Szukam pomysłów, więc z góry dziękuję za wszelkie propozycje i wizje!

  • @Mitro
    link
    73 years ago

    Wydaje mi się że jedynym sensem jest budowanie bardzo silnej struktury lokalnej. Samemu- nawet jeśli kupisz ziemię i strzelbę to sobie nie poradzisz. Dużo ludzi = dużo możliwości. To nie musi być sieć sąsiedzka ale wystarczy środowiskowa. Wydaje mi się, że teraz trzeba pchać w te relacje maksimum wysiłku. Zaprzyjaźniona knajpa plajtuje?

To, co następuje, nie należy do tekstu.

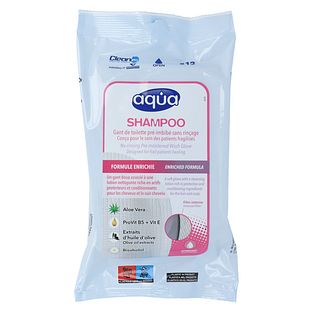 Aqua Shampoo Washandjes 12ST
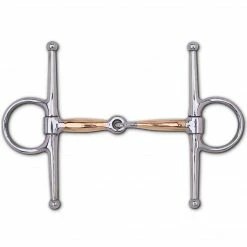 Toklat Originals Toklat Copper Thin Mouth Snaffle Full Cheek Bit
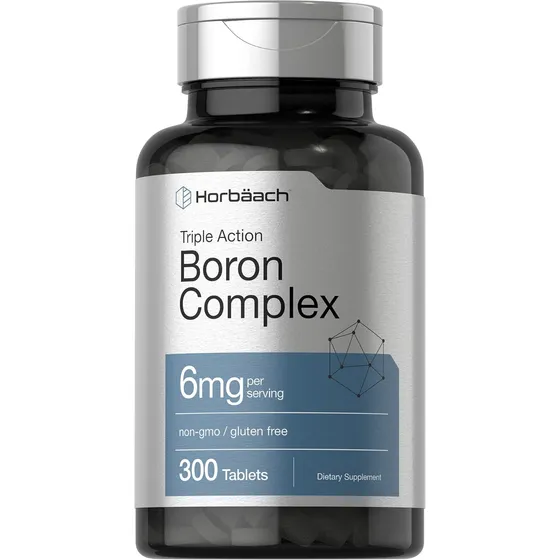 Suplemento De Triple Complejo De Boro 6 Mg 300 Tabletas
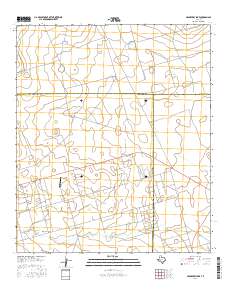 Hackberry Lake 2016 topographic map thumbnail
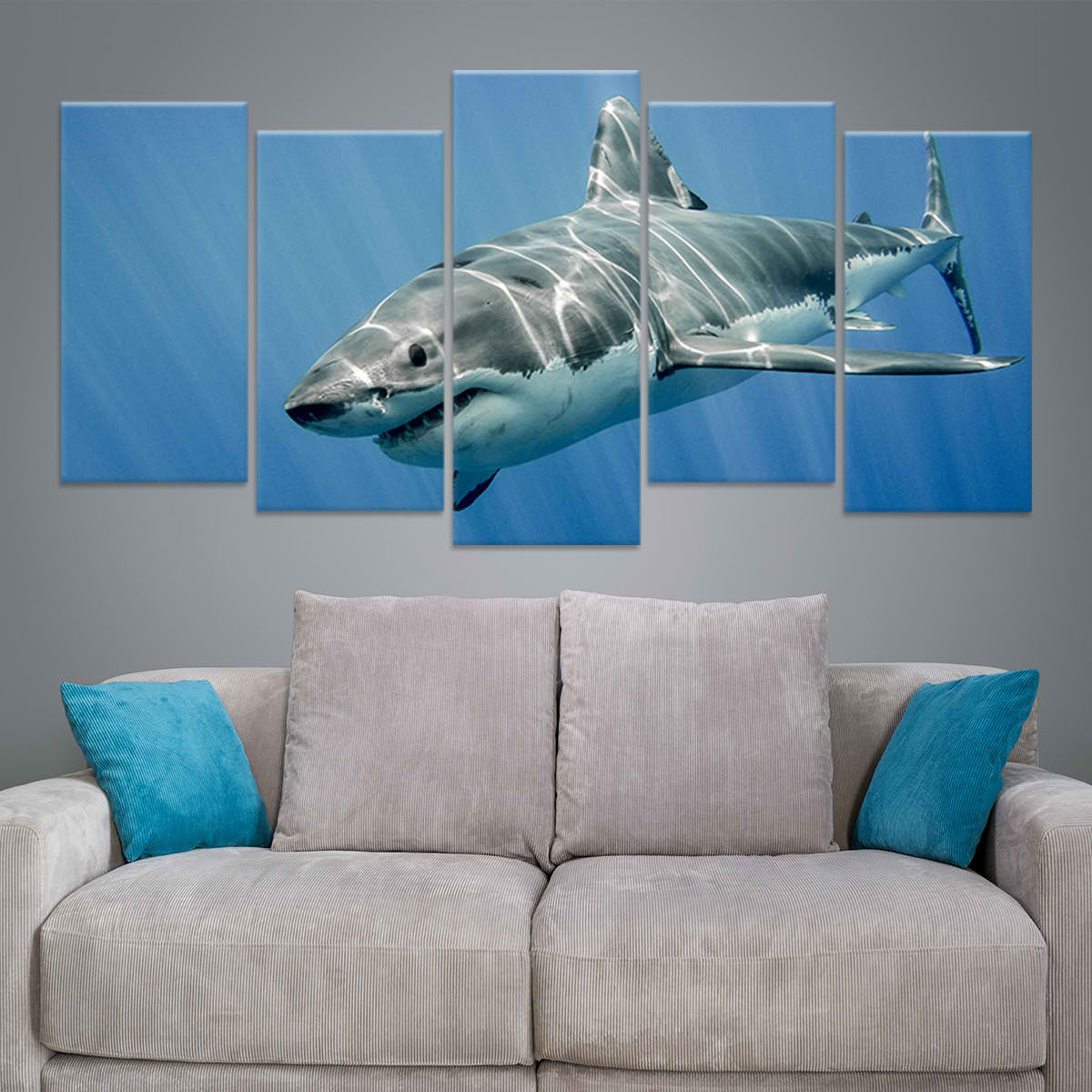 Great White Shark Wall Art Canvas-Stunning Canvas Prints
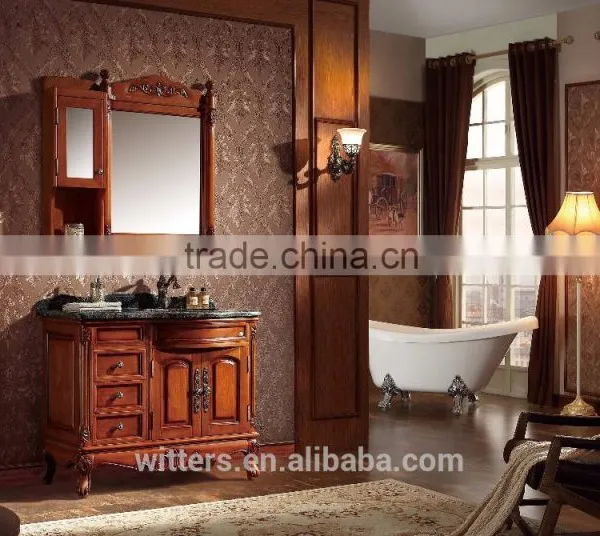 Classic Big Bathroom Vanity Cabinet for Big Bathroom WTS1610 photo-6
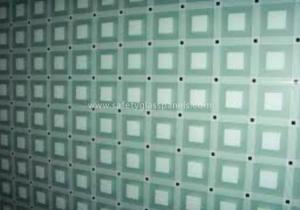 China Light Green Digital Silk Screen Printing On Glass , Commercial Glass Doors factory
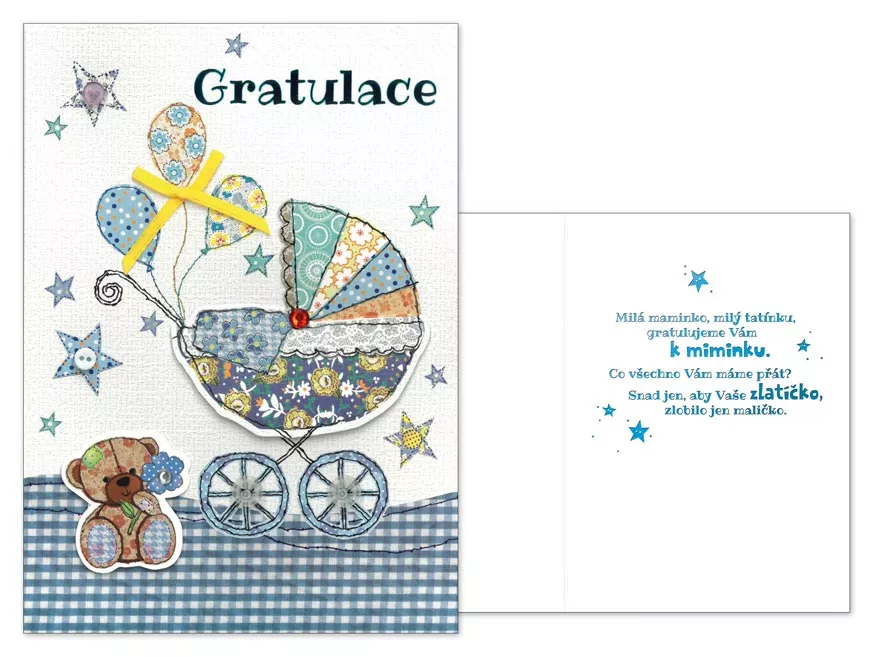 MFP Přání k narození miminka - Gratulace MFP paper s.r.o.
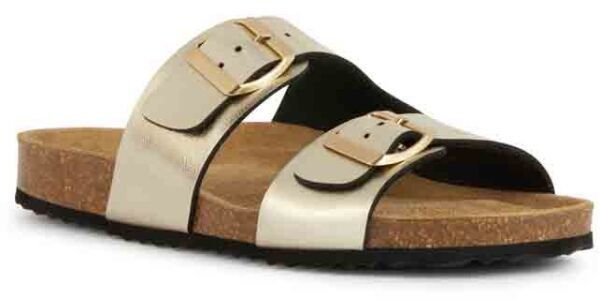 Geox BRIONIA L Dámske šľapky, zlatá, veľkosť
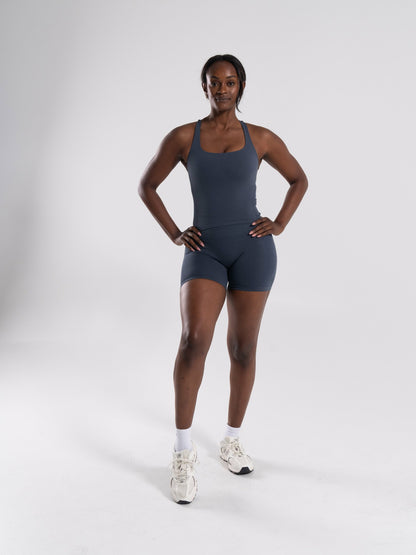 Mirror Tank - Dusty Navy - Workout Clothes For Women | Alphalete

Benefit. Znajomy się przeprowadza? Pomóż. U nas świetnie się sprawdza robienie grup tematycznych np. “Wyjazd w góry” albo “interwencje przy eksmisjach” ludzie tam dodają znajomych i jest możliwość poznać nowe osoby. My robimy różnie-na signalu, na fejsie. Można sieciować grupy działające społecznie, nawet nieformalnie. Co jakiś czas sprawdzać wspólne zasoby: kto ma auto, gdzie można przenocować, kto skipuje, kto jest prawnikiem a kto lekarzem. Bardzo ważne jest znać prywatnie lekarzy i prawników. Pójść czasem na piwo czy imprezę. Angażować młodych- oni za 20 lat będą dorośli, a my starzy. Kiedyś myślałam żeby zbierać kasę ale ja nie jestem w stanie uzbierać jej wystarczająco dużo żeby to miało sens, więc zrezygnowałam.